MATERIAL SHOWN section start
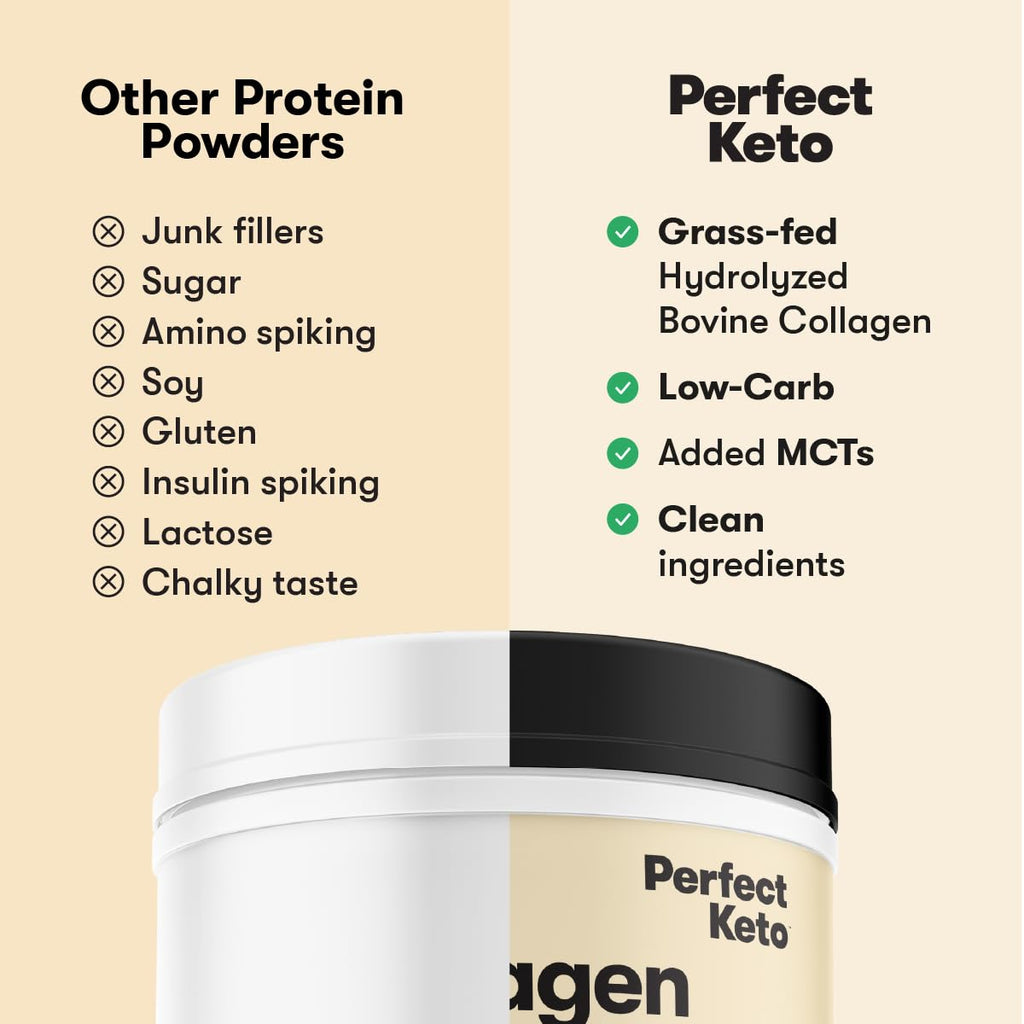 Unflavored Collagen Peptides Protein Powder J502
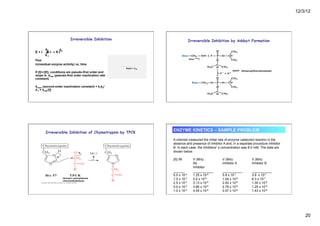 12/3/12
20
Irreversible Inhibition
k1
←
→
k-1
k2
E + I E·I → E-I
Plot:
ln(residual enzyme activity) vs. time
If [I]>>[E], conditions are pseudo-first order and
slope is -kobs (pseudo-first order inactivation rate
constant)
kinact (second-order inactivation constant) = k1k2/
k-1 = kobs/[I]
Slope = -kobs
Irreversible Inhibition by Adduct Formation
(diisopropylfluorophosphate)
Irreversible Inhibition of Chymotrypsin by TPCK
(N-tosyl-L-phenylalanine
chloromethylketone)
ENZYME KINETICS – SAMPLE PROBLEM
A chemist measured the initial rate of enzyme catalyzed reaction in the
absence and presence of inhibitor A and, in a separate procedure inhibitor
B. In each case, the inhibitors’s concentration was 8.0 mM. The data are
shown below.
[S] /M V (M/s) V (M/s) V (M/s)
No Inhibitor A Inhibitor B
Inhibitor
______ ___________ ___________ ___________
5.0 x 10-4 1.25 x 10-6 5.8 x 10-7 3.8 x 10-7
1.0 x 10-3 2.0 x 10-6 1.04 x 10-6 6.3 x 10-7
2.5 x 10-3 3.13 x 10-6 2.00 x 10-6 1.00 x 10-6
5.0 x 10-3 3.85 x 10-6 2.78 x 10-6 1.25 x 10-6
1.0 x 10-2 4.55 x 10-6 3.57 x 10-6 1.43 x 10-6
 
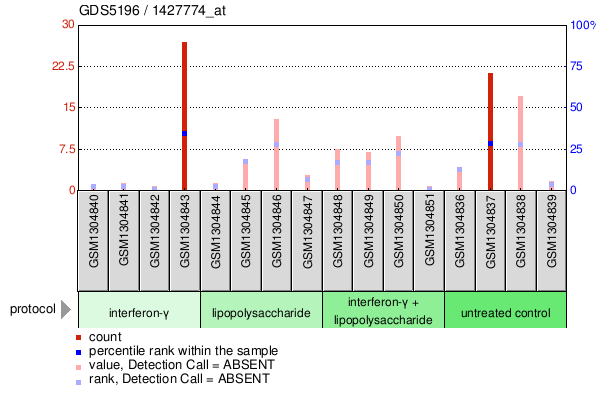 Gene Expression Profile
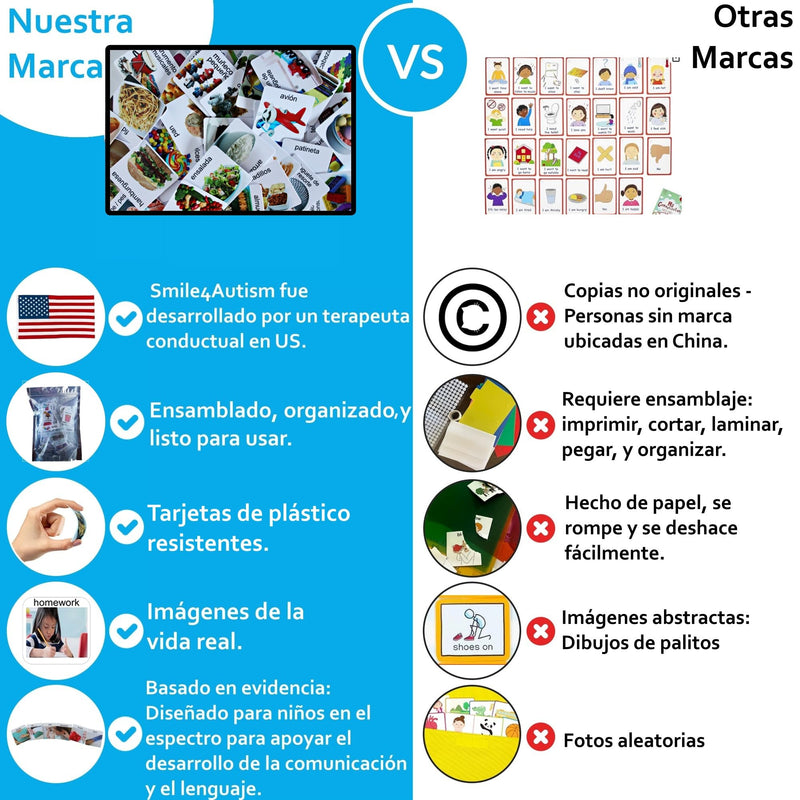 Smile4Autism Small 1.5"x1.5" Loose Spanish Visual Picture Cards, Receptive and Expressive Language, Speech Articulation Therapy, ASD, ADD, ADHD, Apraxia, & Stroke Patients Spanish Real Photos 166 Pcs. Small Plastic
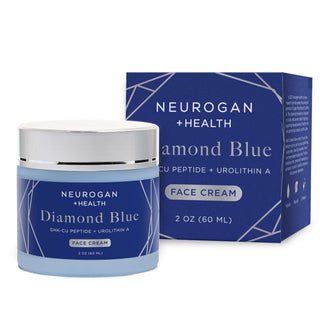 Neurogan bottle and box for Diamond Blue Face Cream with GHK-Cu Peptide and Urolithin A.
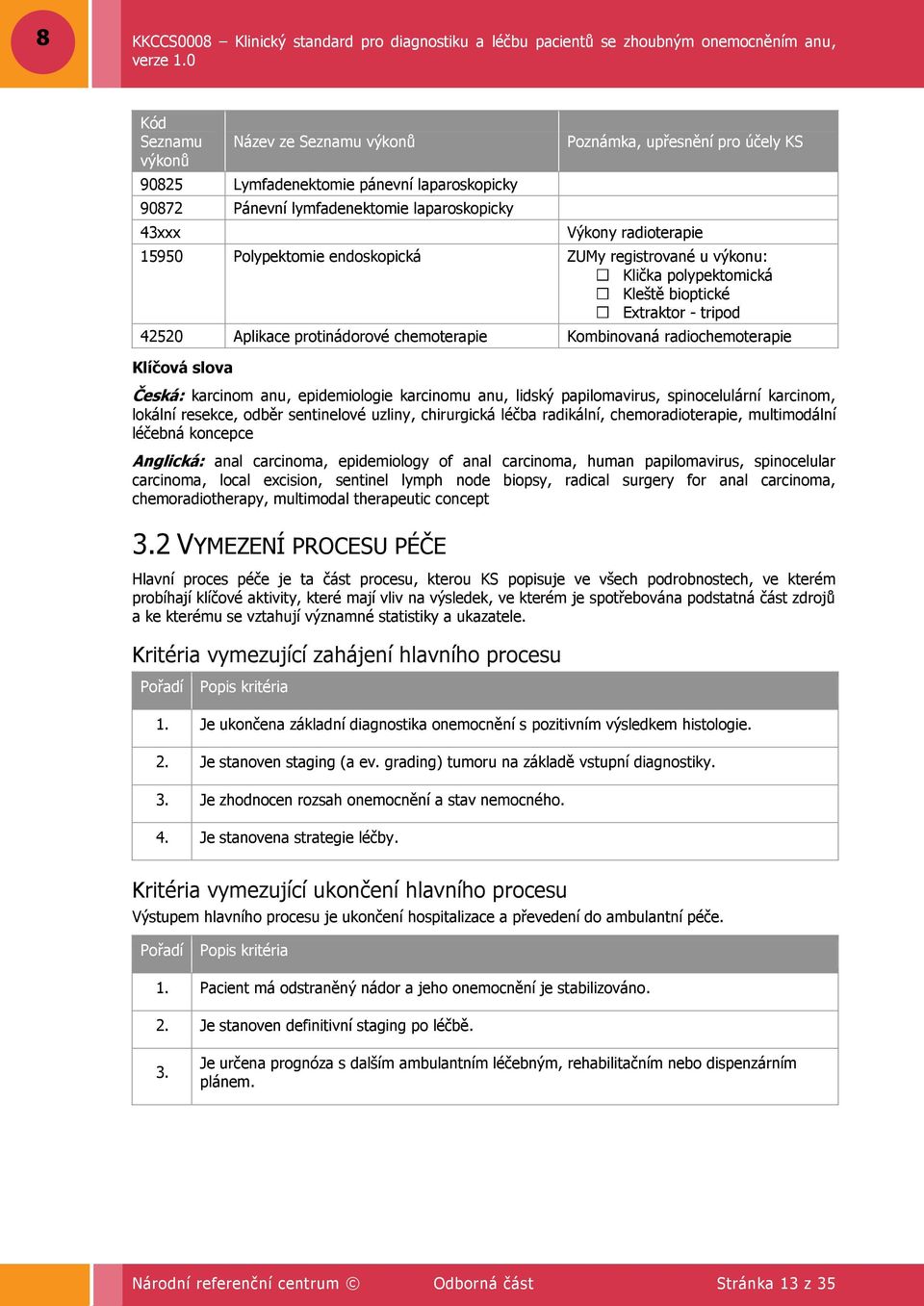 Česká: karcinom anu, epidemiologie karcinomu anu, lidský papilomavirus, spinocelulární karcinom, lokální resekce, odběr sentinelové uzliny, chirurgická léčba radikální, chemoradioterapie,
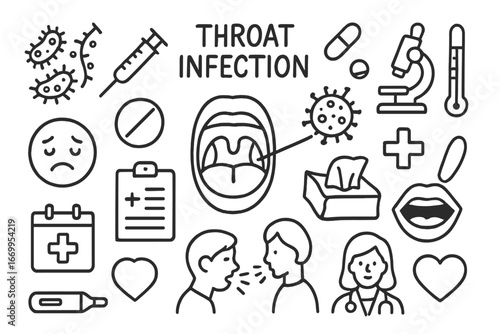 Throat Health Doodle Icons. Hand-drawn doodle illustration throat infection bacteria, throat, syringe, pill, microscope,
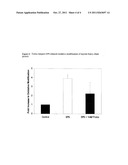 Methods of Reducing Oxidative Modification of a Muscle Cell Protein diagram and image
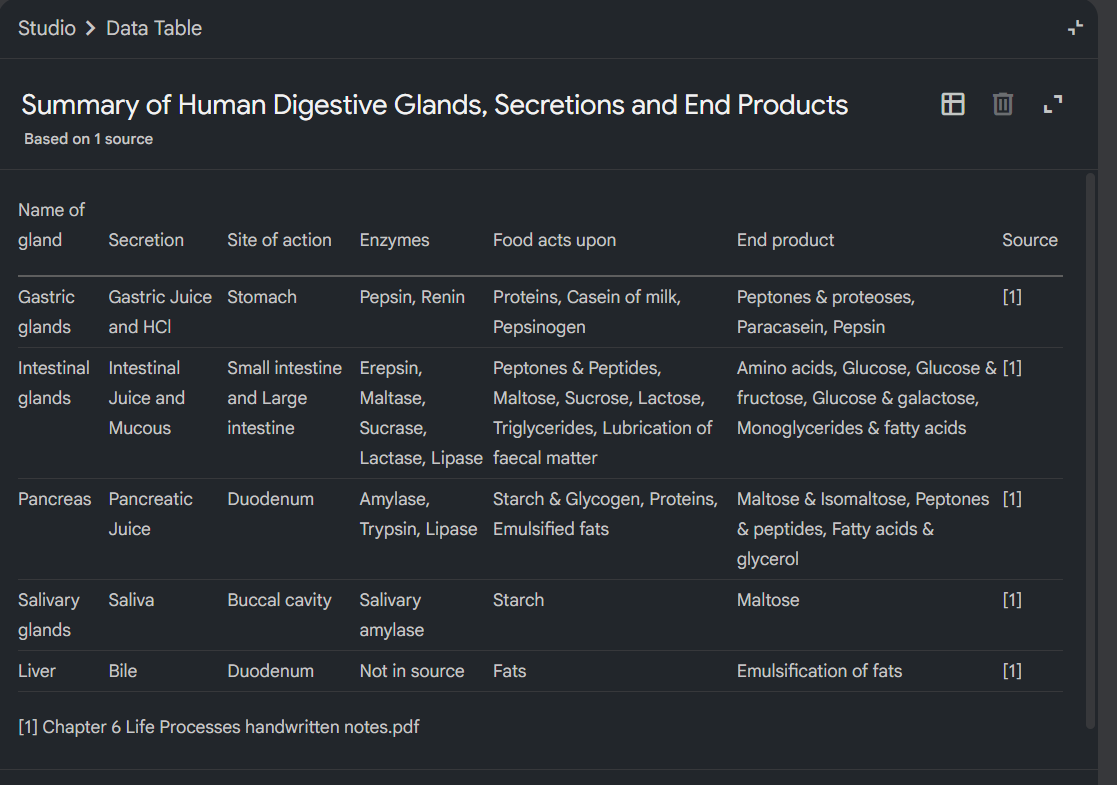 Output artifact for "Structured Summaries and Tables" test: Source-linked data table summarizing digestive glands, secretions, enzymes, food acted upon, and end products from a single source., notebooklm-written-summary-output.png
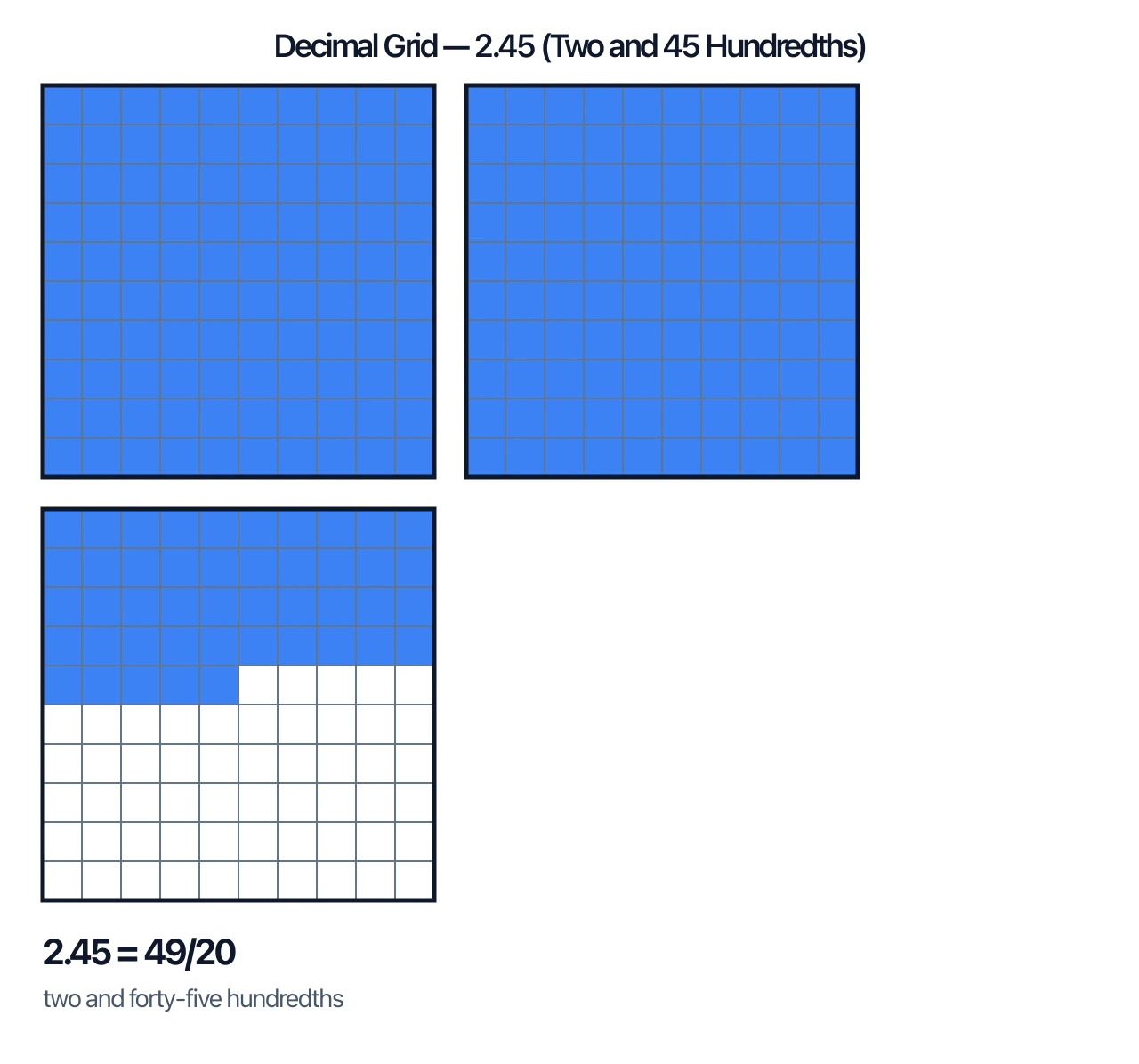 Three decimal grids showing 2.45 with two full grids and 45 shaded cells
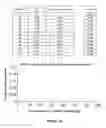 Fig. 12 - Analysis and assay of glycated haemoglobins by capillary electrophoresis, buffer compositions and kits for capillary electrophoresis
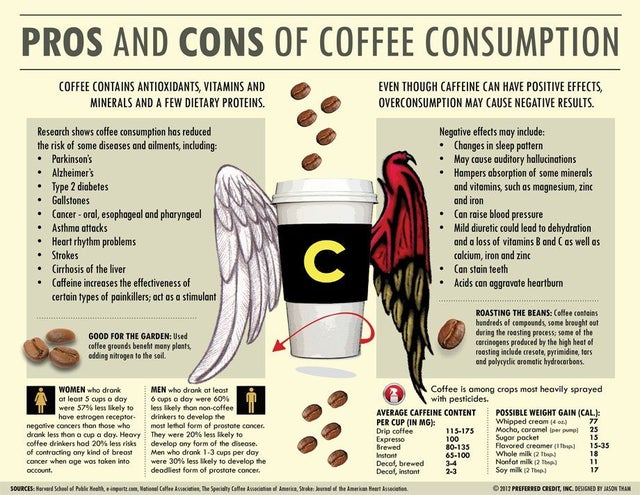 no coffee benefits - Pros And Cons Of Coffee Consumption Coffee Contains Antioxidants, Vitamins And Minerals And A Few Dietary Proteins. Even Though Caffeine Can Have Positive Effects, Overconsumption May Cause Negative Results. . . Negative effects may i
MATERIAL SHOWN section end
PROBLEM TO SOLVE | Give again, word for word, every line from the top of the data through the line with "5.0 x 10-4 1.25 x 10-6 5.8 x 10-7 3.8 x 10-7", both ends included, and exclude the pictures.

RESPONSE BELOW |
 Unflavored Collagen Peptides Protein Powder J502
 12/3/12
20
Irreversible Inhibition
k1
←
→
k-1
k2
E + I E·I → E-I
Plot:
ln(residual enzyme activity) vs. time
If [I]>>[E], conditions are pseudo-first order and
slope is -kobs (pseudo-first order inactivation rate
constant)
kinact (second-order inactivation constant) = k1k2/
k-1 = kobs/[I]
Slope = -kobs
Irreversible Inhibition by Adduct Formation
(diisopropylfluorophosphate)
Irreversible Inhibition of Chymotrypsin by TPCK
(N-tosyl-L-phenylalanine
chloromethylketone)
ENZYME KINETICS – SAMPLE PROBLEM
A chemist measured the initial rate of enzyme catalyzed reaction in the
absence and presence of inhibitor A and, in a separate procedure inhibitor
B. In each case, the inhibitors’s concentration was 8.0 mM. The data are
shown below.
[S] /M V (M/s) V (M/s) V (M/s)
No Inhibitor A Inhibitor B
Inhibitor
______ ___________ ___________ ___________
5.0 x 10-4 1.25 x 10-6 5.8 x 10-7 3.8 x 10-7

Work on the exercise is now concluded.